First note the ratio chart of energy to the S&P 500 (SPY). While in the long term this is only a small move, this is a decisive break to the upside that looks likely to precede further outperformance in the energy sector.
Oil (USO) was obviously significant in the relative outperformance of the XLE, and notice the breakout after significant consolidation in the below chart. Next target in oil, which could be realised very soon, is $100. Shorter term technical analysis shows oil to be flagging sideways, and could be ripe for another near term bounce.
Canada is also a commodity driven economy; note the long term positive (200 day) correlation between the TSX (EWC) and the CRB Index (CRBQ) below. The shorter term (100 day) correlation has dropped, but one should expect the relationship to return. This means continued strength in the TSX has positive implications for commodities. The TSX however is brushing up against the key resistance level of 12,800. A close above this will be positive for commodities as well as global intermarket equity relationships.

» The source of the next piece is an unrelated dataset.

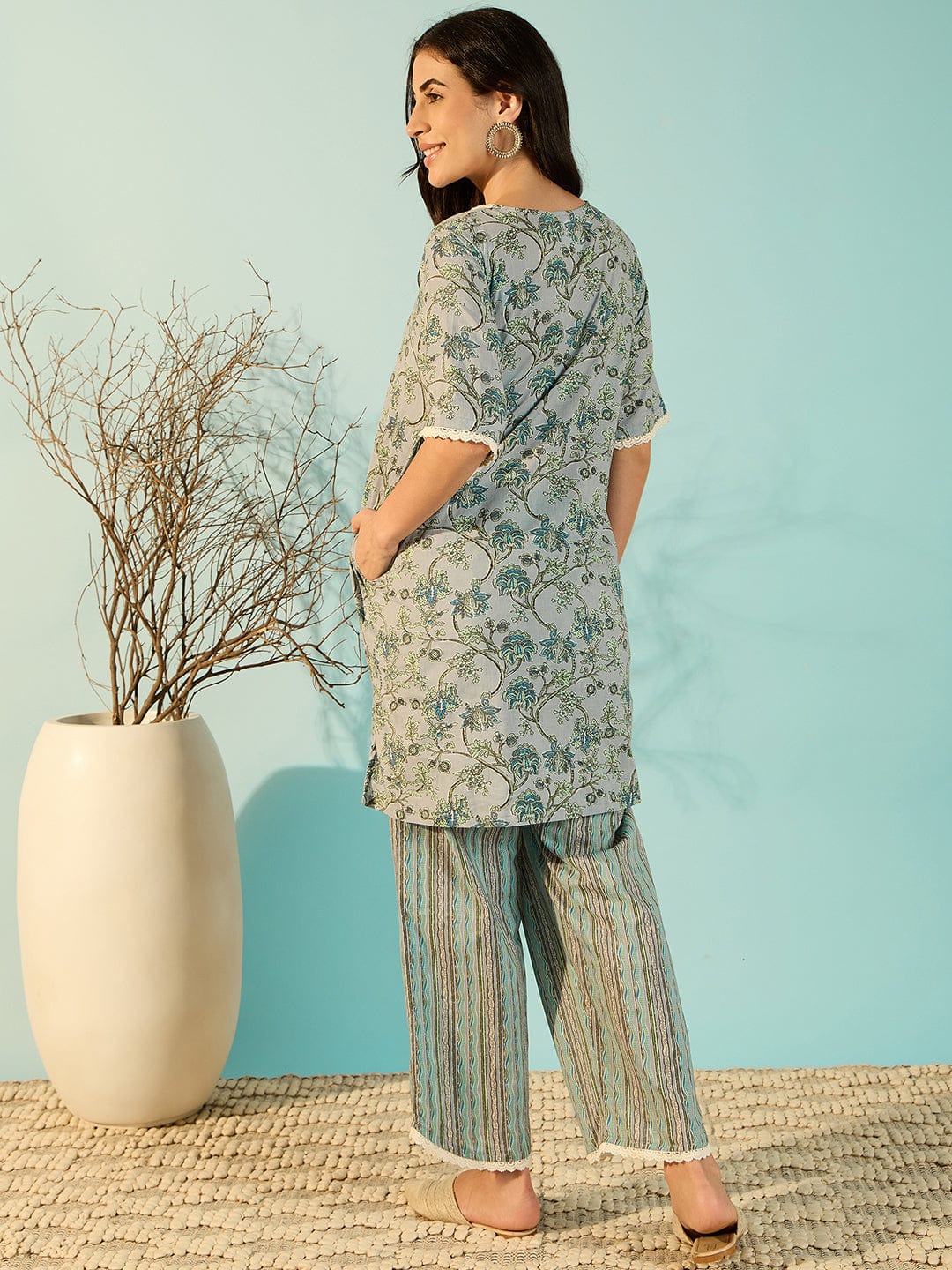 The Kaftan Company Co-ord Women Chalk Blue Floral Patterned Cotton Co-Ord Set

The inverse relationship between commodities and the $USD (UUP) is one of the longest standing relationship; note the long term negative correlation in the bottom of the chart below. Short term deviations can happen, and last week both the $USD and the CRB closed up. Given the breakout of energy, oil and strength in many commodities, it appears the $USD will reverse and likely complete the head and shoulders pattern that has developed over the last year.
If one looks at a ratio chart of copper (JJC) and the S&P 500, one can see a very high positive long term correlation. Copper is often referred to as "Dr.Copper," as it is highly sensitive to the state of the economy. In the below chart one can note that the S&P and copper track price movements quite consistently, and when they diverge, it is typically for short periods of time. Since the beginning of 2013 there has been a significant divergence, with equities experiencing gains while copper has been down. Whether equities experience a long overdue pullback, or copper breaks out of its three year consolidation, one should expect the two to converge to some degree.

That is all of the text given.